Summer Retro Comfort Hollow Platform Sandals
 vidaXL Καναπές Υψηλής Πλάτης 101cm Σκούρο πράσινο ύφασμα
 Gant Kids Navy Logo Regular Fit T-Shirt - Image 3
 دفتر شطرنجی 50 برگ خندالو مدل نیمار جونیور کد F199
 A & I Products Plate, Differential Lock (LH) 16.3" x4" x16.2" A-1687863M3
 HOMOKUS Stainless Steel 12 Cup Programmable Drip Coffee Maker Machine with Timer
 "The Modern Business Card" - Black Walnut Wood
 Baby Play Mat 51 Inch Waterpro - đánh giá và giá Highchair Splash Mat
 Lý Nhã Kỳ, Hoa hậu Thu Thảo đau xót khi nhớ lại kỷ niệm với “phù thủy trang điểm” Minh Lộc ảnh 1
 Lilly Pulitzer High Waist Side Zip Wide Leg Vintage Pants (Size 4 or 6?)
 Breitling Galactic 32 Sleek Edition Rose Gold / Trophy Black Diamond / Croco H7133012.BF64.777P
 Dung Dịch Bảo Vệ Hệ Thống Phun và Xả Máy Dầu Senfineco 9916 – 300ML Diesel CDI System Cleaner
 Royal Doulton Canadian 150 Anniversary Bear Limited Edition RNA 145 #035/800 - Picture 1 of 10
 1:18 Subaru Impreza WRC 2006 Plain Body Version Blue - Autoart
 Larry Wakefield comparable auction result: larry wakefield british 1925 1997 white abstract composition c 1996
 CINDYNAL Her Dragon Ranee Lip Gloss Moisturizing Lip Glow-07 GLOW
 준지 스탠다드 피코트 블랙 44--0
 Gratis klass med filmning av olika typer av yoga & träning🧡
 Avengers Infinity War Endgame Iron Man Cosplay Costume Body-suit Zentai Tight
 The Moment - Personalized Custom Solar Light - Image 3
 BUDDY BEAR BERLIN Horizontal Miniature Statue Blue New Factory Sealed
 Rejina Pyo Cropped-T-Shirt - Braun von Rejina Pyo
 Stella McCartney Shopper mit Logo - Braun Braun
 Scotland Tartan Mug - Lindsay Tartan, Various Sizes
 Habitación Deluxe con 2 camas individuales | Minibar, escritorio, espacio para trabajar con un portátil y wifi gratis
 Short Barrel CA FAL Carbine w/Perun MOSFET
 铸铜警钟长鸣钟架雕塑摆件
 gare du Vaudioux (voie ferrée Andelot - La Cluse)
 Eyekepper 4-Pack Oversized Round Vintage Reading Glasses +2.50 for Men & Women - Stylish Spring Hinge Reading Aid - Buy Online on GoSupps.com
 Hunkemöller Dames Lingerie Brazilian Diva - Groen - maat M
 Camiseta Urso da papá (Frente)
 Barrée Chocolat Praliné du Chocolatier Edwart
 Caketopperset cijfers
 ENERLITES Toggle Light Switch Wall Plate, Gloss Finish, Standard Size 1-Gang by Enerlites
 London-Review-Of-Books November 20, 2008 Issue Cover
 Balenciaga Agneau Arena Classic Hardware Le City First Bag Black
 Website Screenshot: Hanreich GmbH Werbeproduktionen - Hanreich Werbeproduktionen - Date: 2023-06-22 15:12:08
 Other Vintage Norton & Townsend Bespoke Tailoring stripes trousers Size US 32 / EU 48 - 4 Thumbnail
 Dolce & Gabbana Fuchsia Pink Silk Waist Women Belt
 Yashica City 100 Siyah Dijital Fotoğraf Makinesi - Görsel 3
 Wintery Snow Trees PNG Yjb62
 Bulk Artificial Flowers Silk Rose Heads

-- -- --

Task:
Each record must be output exactly, with none omitted.

Task solution:
Summer Retro Comfort Hollow Platform Sandals
 vidaXL Καναπές Υψηλής Πλάτης 101cm Σκούρο πράσινο ύφασμα
 Gant Kids Navy Logo Regular Fit T-Shirt - Image 3
 دفتر شطرنجی 50 برگ خندالو مدل نیمار جونیور کد F199
 A & I Products Plate, Differential Lock (LH) 16.3" x4" x16.2" A-1687863M3
 HOMOKUS Stainless Steel 12 Cup Programmable Drip Coffee Maker Machine with Timer
 "The Modern Business Card" - Black Walnut Wood
 Baby Play Mat 51 Inch Waterpro - đánh giá và giá Highchair Splash Mat
 Lý Nhã Kỳ, Hoa hậu Thu Thảo đau xót khi nhớ lại kỷ niệm với “phù thủy trang điểm” Minh Lộc ảnh 1
 Lilly Pulitzer High Waist Side Zip Wide Leg Vintage Pants (Size 4 or 6?)
 Breitling Galactic 32 Sleek Edition Rose Gold / Trophy Black Diamond / Croco H7133012.BF64.777P
 Dung Dịch Bảo Vệ Hệ Thống Phun và Xả Máy Dầu Senfineco 9916 – 300ML Diesel CDI System Cleaner
 Royal Doulton Canadian 150 Anniversary Bear Limited Edition RNA 145 #035/800 - Picture 1 of 10
 1:18 Subaru Impreza WRC 2006 Plain Body Version Blue - Autoart
 Larry Wakefield comparable auction result: larry wakefield british 1925 1997 white abstract composition c 1996
 CINDYNAL Her Dragon Ranee Lip Gloss Moisturizing Lip Glow-07 GLOW
 준지 스탠다드 피코트 블랙 44--0
 Gratis klass med filmning av olika typer av yoga & träning🧡
 Avengers Infinity War Endgame Iron Man Cosplay Costume Body-suit Zentai Tight
 The Moment - Personalized Custom Solar Light - Image 3
 BUDDY BEAR BERLIN Horizontal Miniature Statue Blue New Factory Sealed
 Rejina Pyo Cropped-T-Shirt - Braun von Rejina Pyo
 Stella McCartney Shopper mit Logo - Braun Braun
 Scotland Tartan Mug - Lindsay Tartan, Various Sizes
 Habitación Deluxe con 2 camas individuales | Minibar, escritorio, espacio para trabajar con un portátil y wifi gratis
 Short Barrel CA FAL Carbine w/Perun MOSFET
 铸铜警钟长鸣钟架雕塑摆件
 gare du Vaudioux (voie ferrée Andelot - La Cluse)
 Eyekepper 4-Pack Oversized Round Vintage Reading Glasses +2.50 for Men & Women - Stylish Spring Hinge Reading Aid - Buy Online on GoSupps.com
 Hunkemöller Dames Lingerie Brazilian Diva - Groen - maat M
 Camiseta Urso da papá (Frente)
 Barrée Chocolat Praliné du Chocolatier Edwart
 Caketopperset cijfers
 ENERLITES Toggle Light Switch Wall Plate, Gloss Finish, Standard Size 1-Gang by Enerlites
 London-Review-Of-Books November 20, 2008 Issue Cover
 Balenciaga Agneau Arena Classic Hardware Le City First Bag Black
 Website Screenshot: Hanreich GmbH Werbeproduktionen - Hanreich Werbeproduktionen - Date: 2023-06-22 15:12:08
 Other Vintage Norton & Townsend Bespoke Tailoring stripes trousers Size US 32 / EU 48 - 4 Thumbnail
 Dolce & Gabbana Fuchsia Pink Silk Waist Women Belt
 Yashica City 100 Siyah Dijital Fotoğraf Makinesi - Görsel 3
 Wintery Snow Trees PNG Yjb62
 Bulk Artificial Flowers Silk Rose Heads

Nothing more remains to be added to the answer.